The word itself, “Brexit” is a mix of the words “Britain” and ‘exit.” It signifies Britain leaving the European Union. You have heard about it the news, and the word floats around in social circles. However, how much do you know about Brexit besides England trying to break off with the European Union? If one is not living in England, it can be difficult to keep up with all the news about this momentous occurrence. In addition, what are the causes of Brexit? The main causes of Brexit is the weakening of the EU, the sense of national identity in Britain, and the EU’s relationship with China.
The EU is not as strong as it used to be economically and also in terms of morale. In addition, with the inclusion of 28 members, decision-making is extremely complex. According to the Barcelona Centre of International Affairs, “The EU of 2016 by contrast has been hit by a series of extremely damaging blows: the economic crisis of 2008; the self-inflicted damage from failure to deal with the flaws of the euro following the crisis; Russian success in upsetting the post-cold war balance of power in Europe; terrorist attacks from ISIS and immense migration flows into the Union” (“Brexit: Causes and Consequences”).

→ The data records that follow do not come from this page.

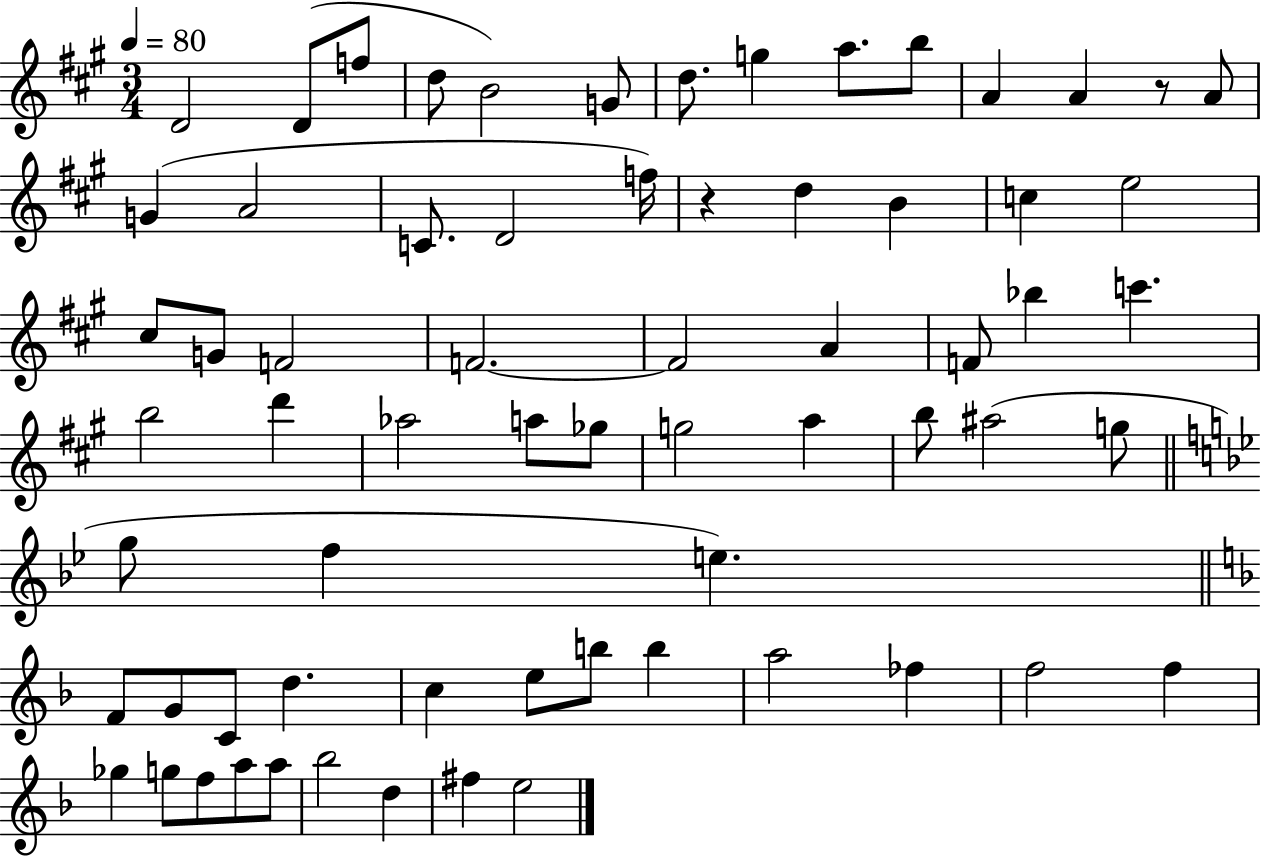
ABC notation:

X:1
T:Untitled
M:3/4
L:1/4
K:A
D2 D/2 f/2 d/2 B2 G/2 d/2 g a/2 b/2 A A z/2 A/2 G A2 C/2 D2 f/4 z d B c e2 ^c/2 G/2 F2 F2 F2 A F/2 _b c' b2 d' _a2 a/2 _g/2 g2 a b/2 ^a2 g/2 g/2 f e F/2 G/2 C/2 d c e/2 b/2 b a2 _f f2 f _g g/2 f/2 a/2 a/2 _b2 d ^f e2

The UK joined the EU in 1973 to be a part of a dynamic entity that would aid nations in trade and social regulation. But now the EU is burdened with issues that are deemed to weigh down the UK.
Furthemore, Britain often considers itself as an unconquered nation and is noted as a longstanding parliamentary democracy. British people have largely been more identified with being British than European. As stated by the Barcelona Centre of International Affairs, “It joined in 1973, rather because there did not seem to be any other option than joining the then more prosperous Western European democracies. It is also true that for decades, the British political class and media played an anti-EU game, where made up stories on the horrors of the EU were plastered across the front pages of tabloid newspapers. The drip drip effect of forty years of negative media coverage was difficult to reverse in a four month referendum campaign” (“Brexit: Causes and Consequences”). This sense of identity also is being challenged by the EU’s policy on immigration. Common people in Britain in the majority do not feel inclined to open immigration. According to Ian Jack of The Guardian, “…in 2004, Tony Blair’s government decided to open the UK labour market to the eight eastern and central European countries that had joined the EU. Between 5,000 and 13,000 migrants were expected; within the first year, 129,000 turned up. Blair and other senior Labour figures later conceded they had made a mistake” (“Who Do I Blame? Eight Reasons We Ended up in This Brexit Mess”). This political decision made waves across the populace about the sentiment towards immigrant workers. Now, like in many European countries, Britain’s nationalism is on the rise because of the so-called unwarranted amount of immigrants.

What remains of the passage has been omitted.